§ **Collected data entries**
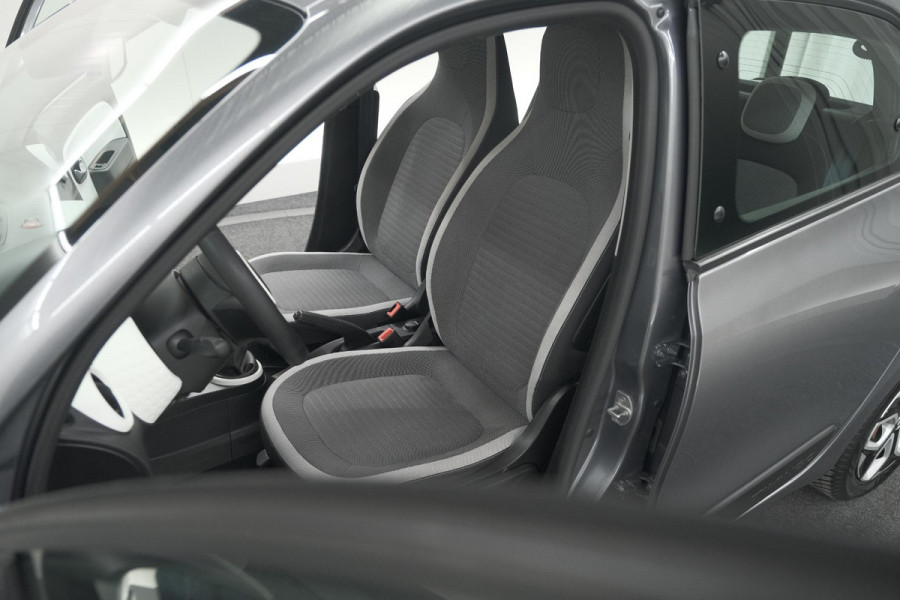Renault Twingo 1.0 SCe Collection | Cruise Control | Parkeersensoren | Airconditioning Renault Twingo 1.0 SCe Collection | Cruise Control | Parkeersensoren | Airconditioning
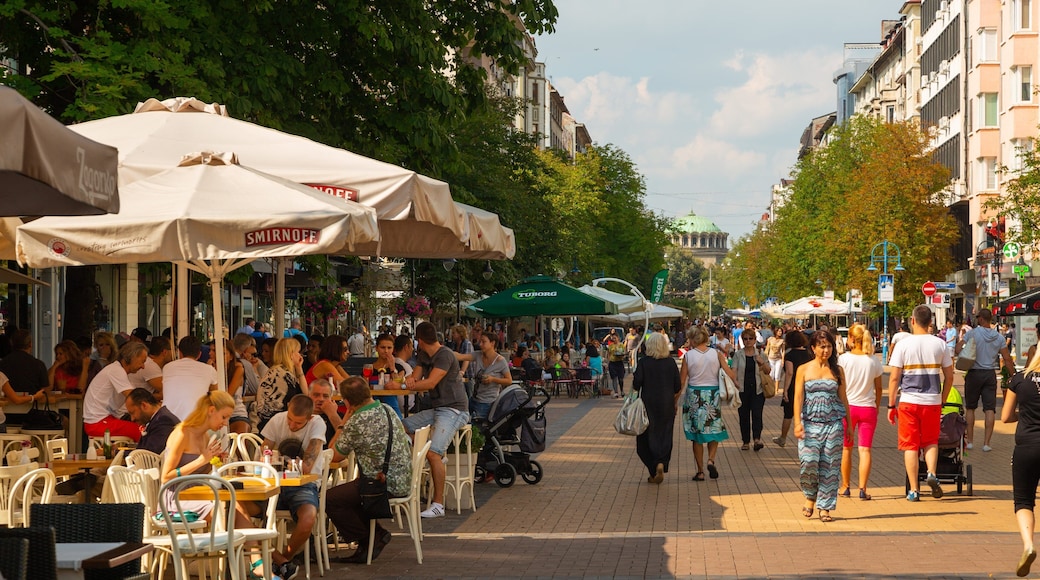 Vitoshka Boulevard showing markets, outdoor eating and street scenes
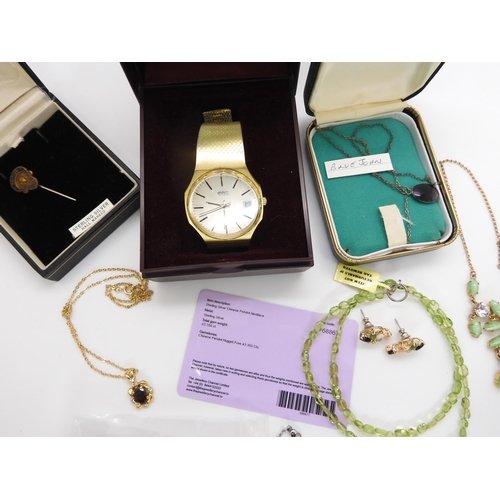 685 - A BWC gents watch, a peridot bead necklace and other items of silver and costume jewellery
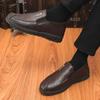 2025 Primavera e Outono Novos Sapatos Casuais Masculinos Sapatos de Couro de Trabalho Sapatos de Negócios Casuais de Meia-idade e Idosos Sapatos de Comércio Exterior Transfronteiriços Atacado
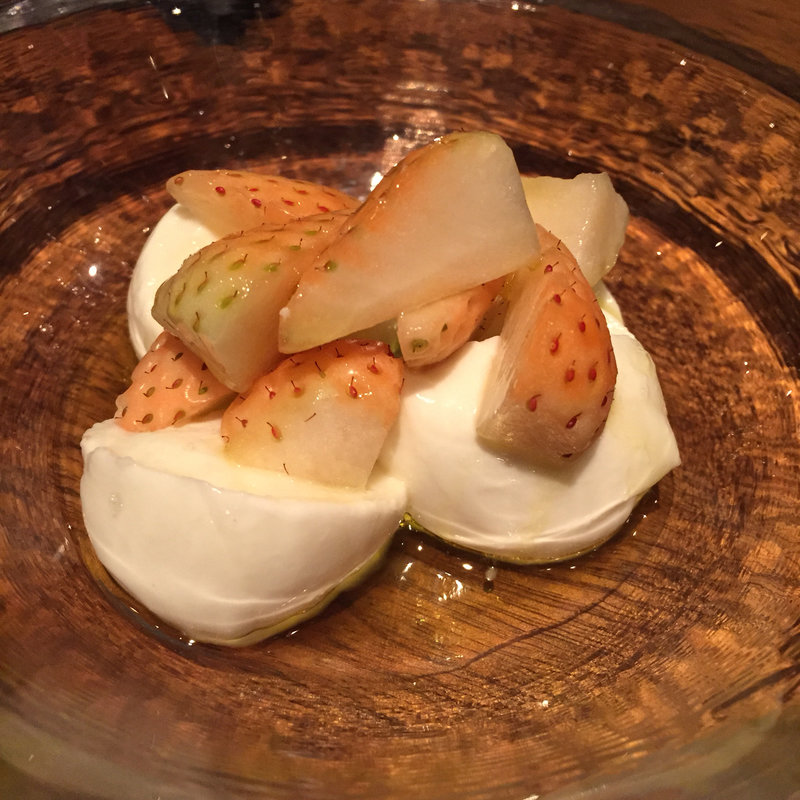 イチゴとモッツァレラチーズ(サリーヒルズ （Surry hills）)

§ **Work item**
From the line that includes "Vitoshka Boulevard showing" on down to the last line of the entries above, set down each line exactly, leaving out the pictures.

§ **Exercise answer**
 Vitoshka Boulevard showing markets, outdoor eating and street scenes
 685 - A BWC gents watch, a peridot bead necklace and other items of silver and costume jewellery
 2025 Primavera e Outono Novos Sapatos Casuais Masculinos Sapatos de Couro de Trabalho Sapatos de Negócios Casuais de Meia-idade e Idosos Sapatos de Comércio Exterior Transfronteiriços Atacado
 イチゴとモッツァレラチーズ(サリーヒルズ （Surry hills）)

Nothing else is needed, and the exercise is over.